> _SOURCE MATERIAL_:
########

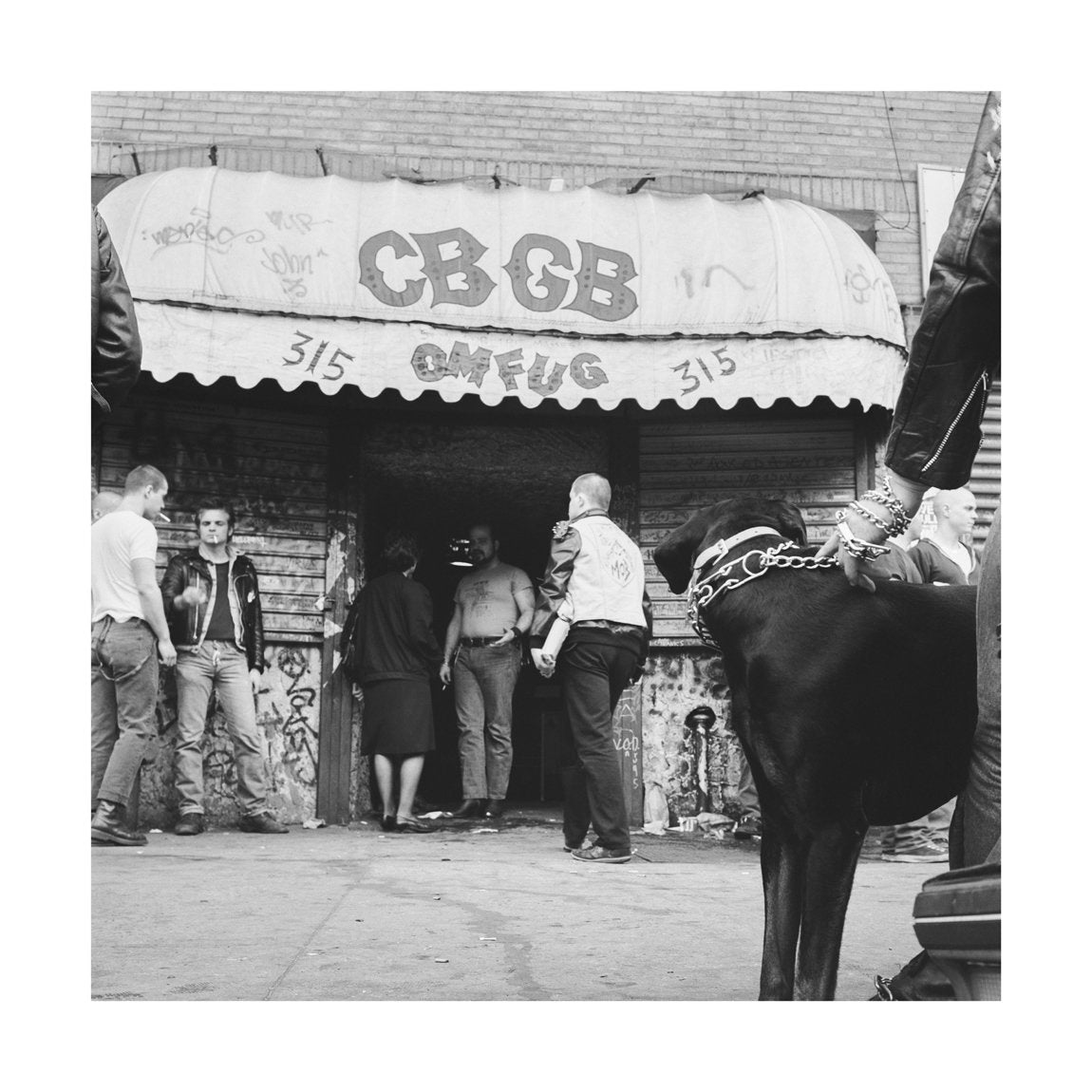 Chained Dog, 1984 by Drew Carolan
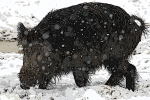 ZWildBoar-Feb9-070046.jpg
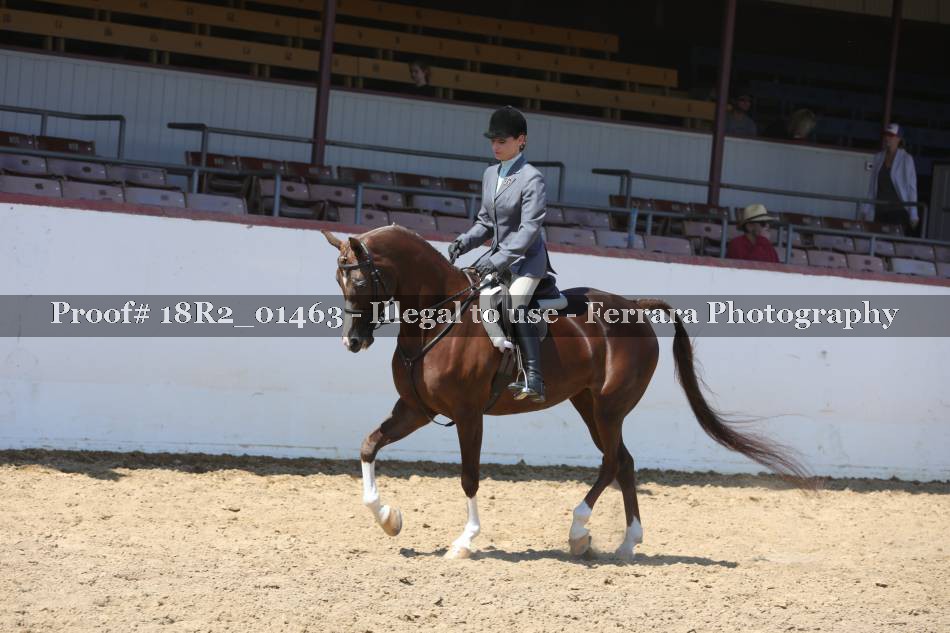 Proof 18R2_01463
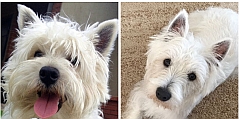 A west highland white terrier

########

> _BRIEF_:
Reproduce every line of the data above, exactly as it stands, but not the pictures.

> _EXERCISE ANSWER_:
 Chained Dog, 1984 by Drew Carolan
 ZWildBoar-Feb9-070046.jpg
 Proof 18R2_01463
 A west highland white terrier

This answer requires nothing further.